Ritratto #2, Thomas / Le origini di Parigi

Il secondo ritratto del blog è dedicato a Thomas e alla ricerca delle origini di Parigi nel 13° arrondissement.

Non conoscevo Thomas prima di arrivare a Parigi. I nostri primi contatti sono stati per mail, ho risposto a un annuncio di lavoro che aveva pubblicato. Poi un giorno, mi ha aperto le porte dell’ufficio, e da lì siamo diventati colleghi.

Thomas è aperto al dialogo e allo scambio, come raramente capita. Ama condividere e scambiare opinioni su tutto, sulla realtà, su libri, film, opere e su cose fantastiche e inventate.

Il giorno in cui c’era stato l’attentato di novembre 2013 a Parigi avevamo paura delle pallottole volanti e di prendere la metro. Qualcuno era tentato di restare in ufficio quella sera, ma Thomas disse che per queste cose è destino, e aggiunse ironicamente che in ogni caso, la ligne 7 della metro con cui io e lui torniamo a casa ogni giorno, non gli sarebbe interessata…

Non abitiamo distanti, quindi a volte prendiamo insieme la metro e passiamo di fronte alla fermata di Place d’Italie, che è uno dei posti preferiti dei barboni di Parigi. Uno si lava i denti, un altro taglia i capelli a tutti gli altri col rasoio. Gli chiedo secondo lui perché, come faccio spesso, perché è bello parlare con lui. Mi dice che a Parigi, a Châtelet, o a Place d’italie, ci sono un sacco di posti per nascondersi e stare al caldo. Poi, una volta, nel mezzo del Parco di Vincennes ha visto un vero e proprio accampamento di sdf, con le tende che sbucavano tra gli alberi in modo surreale.

Thomas viene dal sud della Francia ed ha abitato a Aix en Provence. Mi ha raccontato che era un punk e che si metteva le piume dei cormorani in testa. Ha iniziato a farlo in Italia, dove è andato in autostop. Qualche sabato al mese ha un appuntamento fisso in un teatro di Montmartre con la sua compagnia di teatro d’improvvisazione Les Improbables.

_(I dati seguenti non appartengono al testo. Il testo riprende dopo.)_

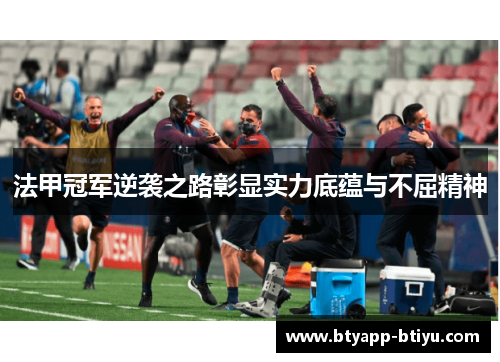 法甲冠军逆袭之路彰显实力底蕴与不屈精神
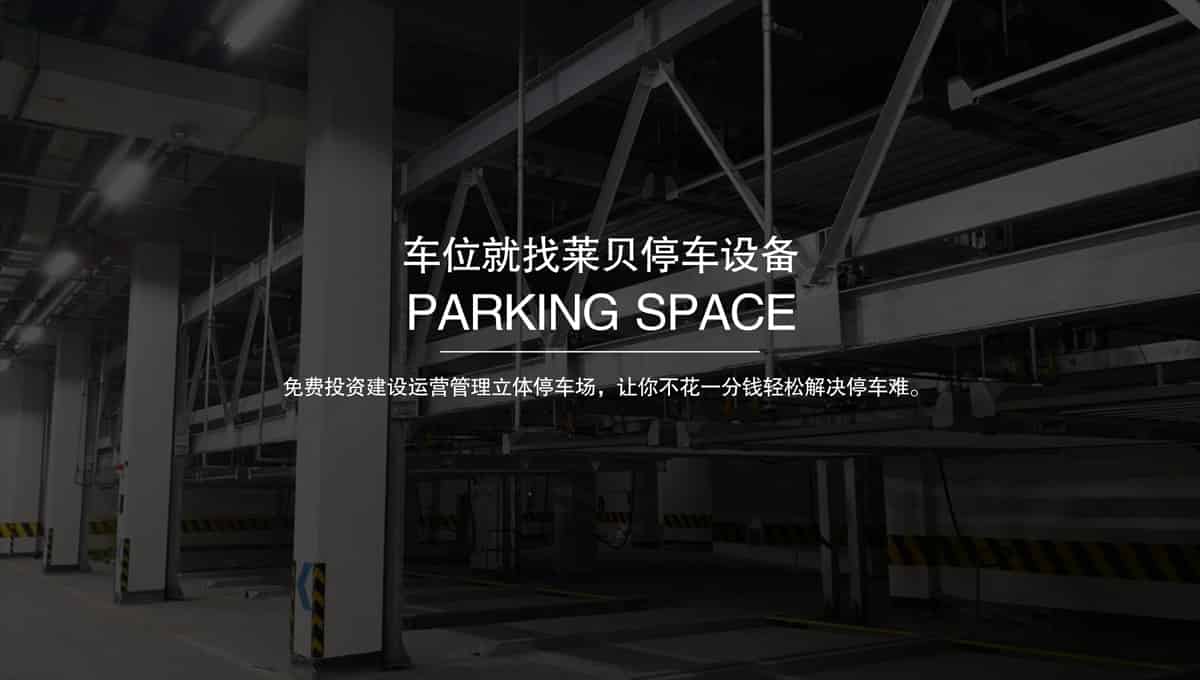 機(jī)械立體車位簡(jiǎn)易車庫(kù)租賃.jpg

Un giorno siamo andati al Salone del Libro di Montreuil in cui abbiamo discusso a lungo su questo blog. Mi ha dato molte idee e consigli. Inoltre, è l’interprete infaticabile delle mie pronunce storte, mediatore e armonizzatore di idee, opinioni, pensieri, in quella terra di mezzo tra italiano e francese. Di cui mi ha prestato le bacchette per continuare a camminare. E poi, gli piace Parigi di notte e ha una lampada del buonumore.

Abbiamo anche una teoria sull’acquario al piano terra del nostro ufficio, che a volte è spento a volte illuminato, a volte c’è un pesce, a volte nessuno, a volte molti… Crediamo che siano dei pesci artificiali, che ogni tanto guadagnano la libertà, vengono disattivati o riescono a scappare…

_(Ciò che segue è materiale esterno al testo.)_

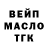 ТГК гашишное масло Ivanna Ovalle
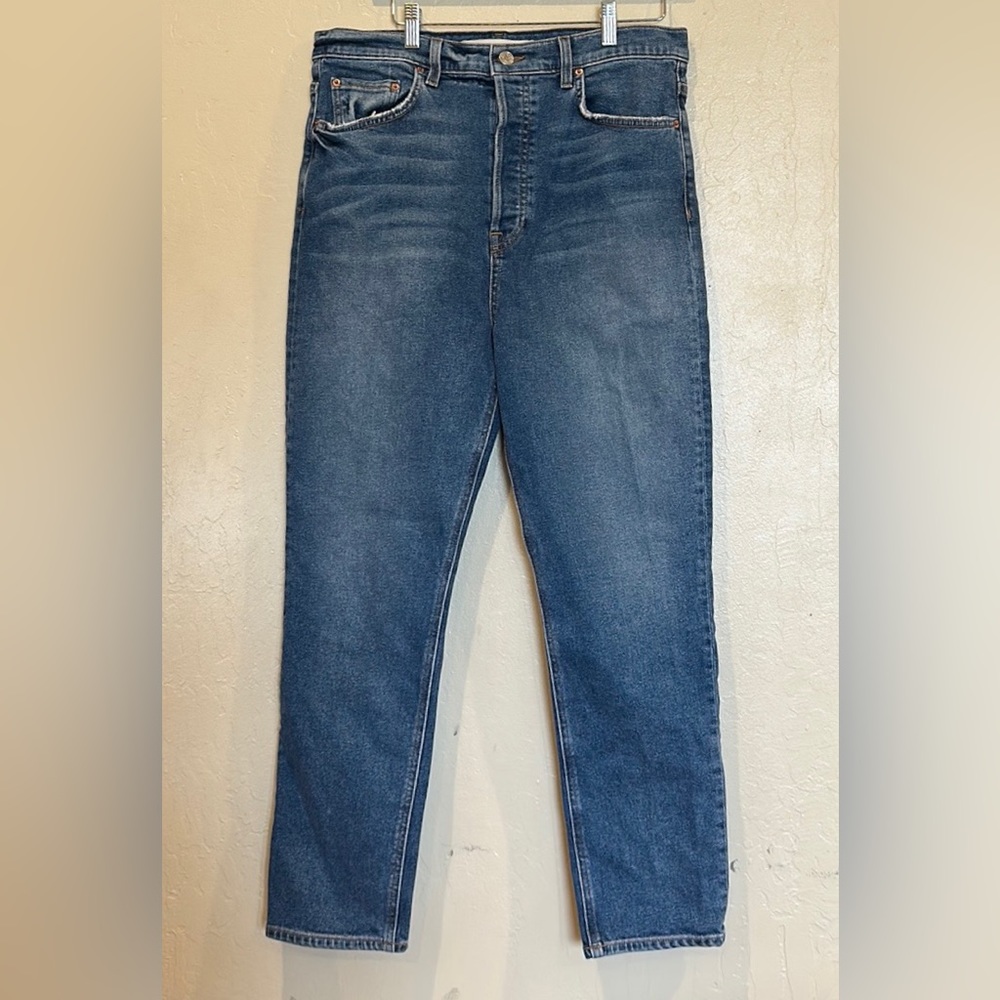 GRLFRND High Rise Blue Jeans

Ecco la storia di Parigi, scritta da Thomas.

 

Da quando ne ho memoria (1), gli uomini hanno sempre abitato le terre del 13° e 12° arrondissement, ben prima di tutto il resto della corona parigina. Oggi, sono terre trascurate dai turisti disorientati e dai Parigini ossessionati dalla rive droite in perpetua gentrification. Ma il Sud-Est di Parigi è l’origine. Al museo Carnavalet si possono visitare tuttora i resti di numerose piroghe neolitiche e anche di tracce d’abitazioni permanenti che eran situate a livello dell’attuale Bercy. Sull’argine della Senna, tra la Gare de Lyon e la Gare d’Austerlitz, fu fondata Parigi. Una terra a forma di punto di partenza, quindi. Arrivando dalla Provenza, a Sud-Est della Francia, è naturale che le mie prime scoperte e deambulazioni furono proprio attorno alla gare de Lyon, che distribuisce i viaggiatori e i treni nel sud del paese.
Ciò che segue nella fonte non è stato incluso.